# Dataset
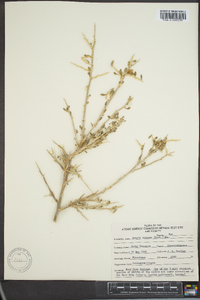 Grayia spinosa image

...

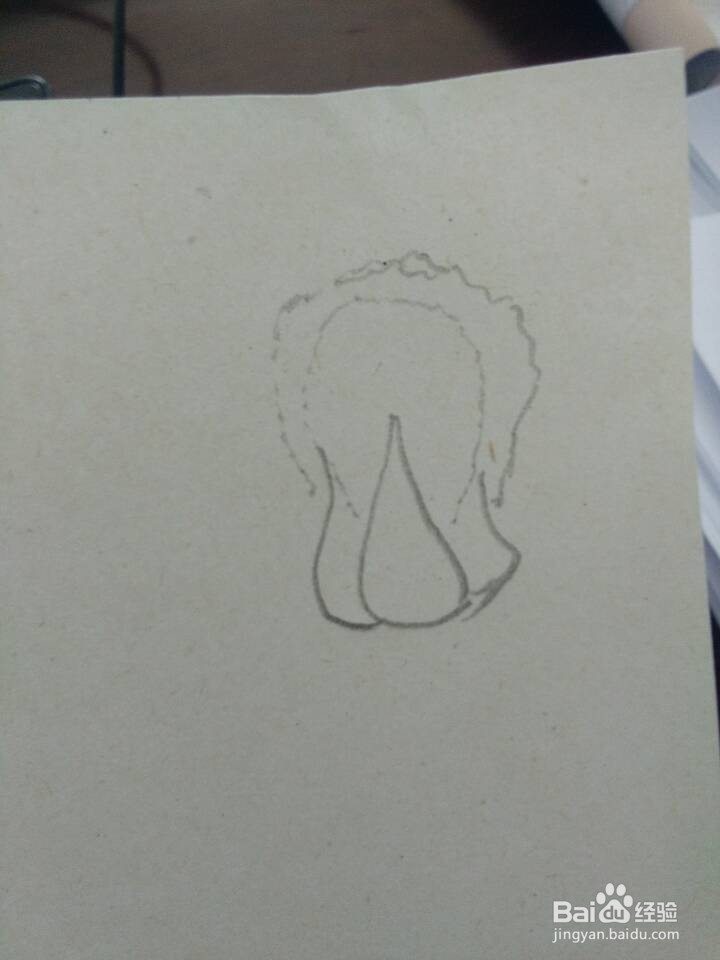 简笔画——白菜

==

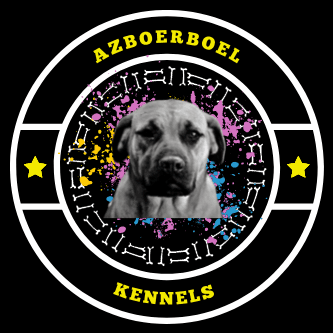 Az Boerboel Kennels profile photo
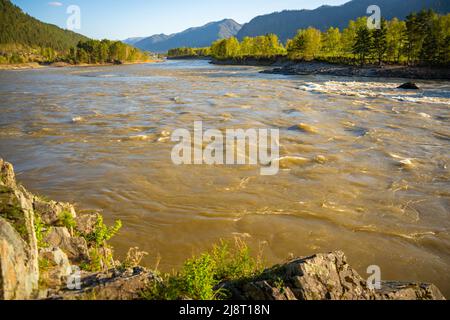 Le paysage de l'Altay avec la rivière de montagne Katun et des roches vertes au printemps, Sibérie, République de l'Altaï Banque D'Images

# Task directions
Copy the listing above exactly, but only from the line with "Az Boerboel Kennels profile photo" through the line with "Le paysage de", including those two lines and excluding any picture.

# Exercise output
 Az Boerboel Kennels profile photo
 Le paysage de l'Altay avec la rivière de montagne Katun et des roches vertes au printemps, Sibérie, République de l'Altaï Banque D'Images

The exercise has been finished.